On September 28, 2024, the U.S. Senate passed legislation enhancing penalties for contraband cellphone possession in federal Bureau of Prisons (BOP) lockups. Named after BOP Lt. Osvaldo Albarati, who was killed in a 2013 ambush arranged with contraband cellphones by prisoners at BOP’s Metropolitan Detention Center in Guaynabo, Puerto Rico, the measure was introduced by Sens. Jon Ossoff (D-Ga.) and Chuck Grassley (R-Iowa) just three days earlier. Fellow senators reacted in near-record time to pass S.5284.

In a report published on June 7, 2024, journalist Walter Pavlo recalled a time not long ago when a federal prisoner caught with a cellphone was placed in a special housing unit (SHU)—BOP’s term for isolation—and sanctioned with loss of Good Conduct Time (GCT) sentence credits. Now, he said, there are so many cellphones that an unnamed guard pointed to a stack that had been confiscated at a prison Pavlo visited and said, “In the old days we would have looked at those confiscated phones as evidence, but some corrupt correction officers look at them as inventory to resell to inmates.”

Disconnection from family, friends and the information highway creates high demand for contraband cell phones. BOP restricts prisoners to 500 minutes of phone calls a month, none longer than 15 minutes. Prison-issued tablets have no internet access, providing only preloaded games, movies, programming and reading material. Amid this isolation, the U.S. Penitentiary (USP) in Atlanta confiscated 800 cellphones in 2021; since the prison holds only 1,500, literally every other prisoner had one. The unrelenting demand is met with drone drops, corrupt guards and smuggling by visitors. Black-market value reaches $3,000 for a cellphone to purchase, $100 to $200 hourly for rental.

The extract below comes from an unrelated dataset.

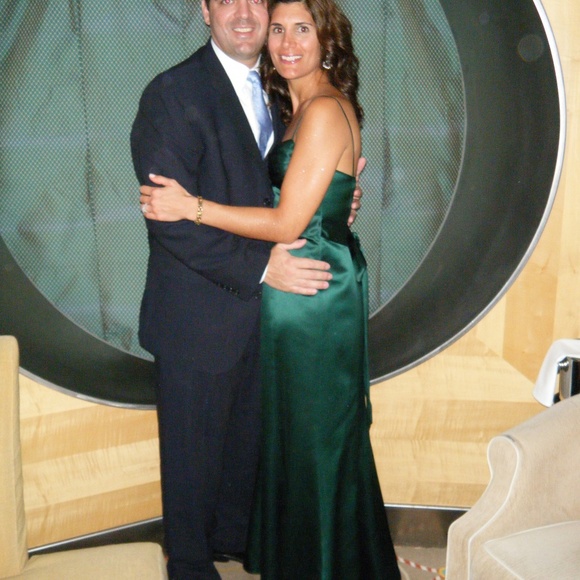 Laundry by Shelli Segal Size 4 gown. - Picture 3 of 3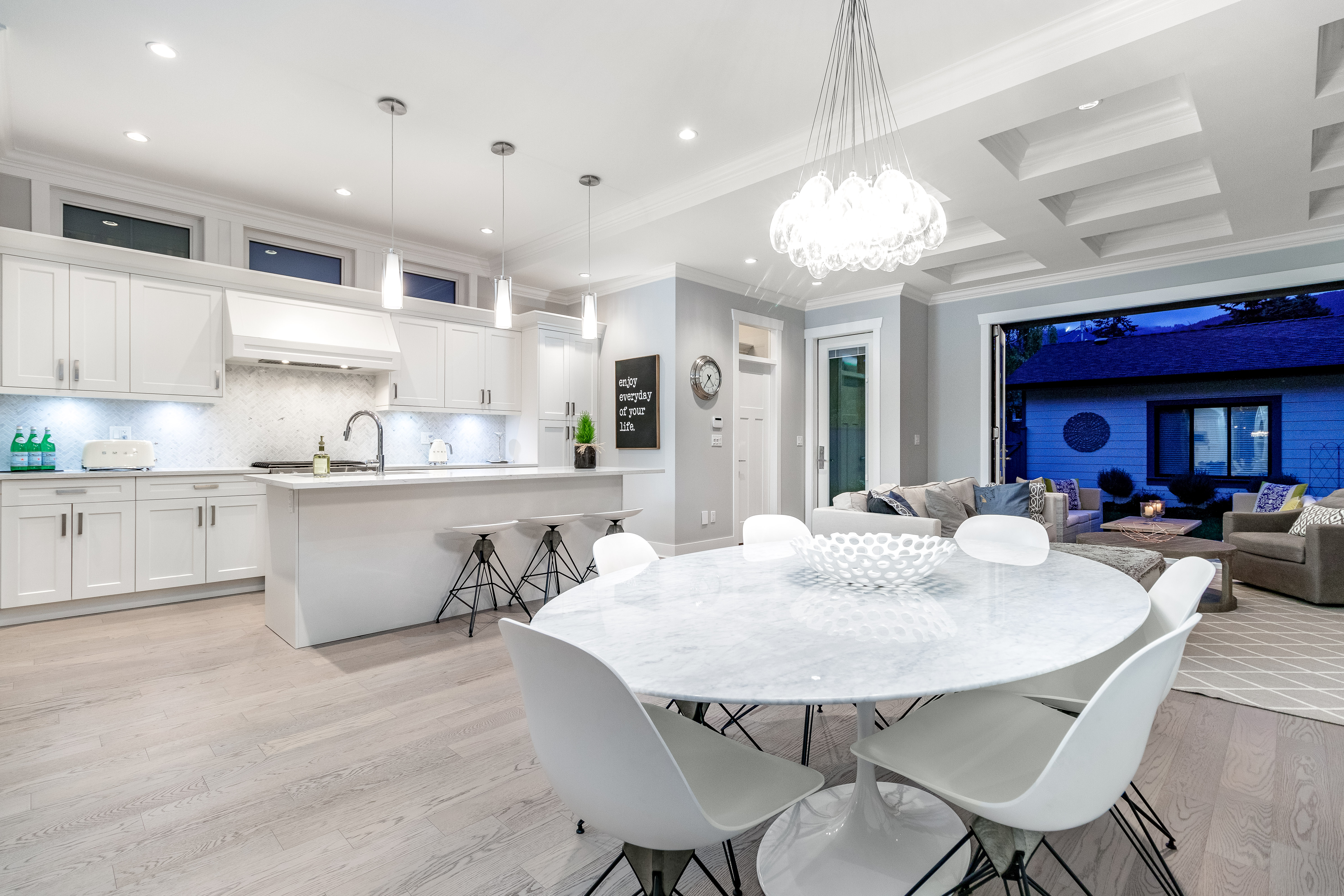 322 E 19th St, North Vancouver 14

But BOP’s options are limited by a chronic shortage of guards, leaving too few to effectively interdict so many illegal phones. SHU placement and sentences extended by lost GCT simply create the need for more guard hours that the agency can’t cover. The 41-day maximum GCT sanction for possessing an illegal cellphone adds at least $4,920 of incarceration costs per prisoner. Any overtime taken up by existing guard staff also translates into additional expense, as does deploying cellphone signal-jamming technology. All of this discourages crackdowns on prisoner cellphone use like the one the Senate legislation was designed to spur.

After that vote, U.S. Rep. Laurel Lee (R-Fla.) introduced a companion bill, H.R. 10161, to the U.S. House on November 18, 2024—not leaving her colleagues long to act before the Congressional session adjourned for good on January 3, 2025. PLN will update developments as they are available.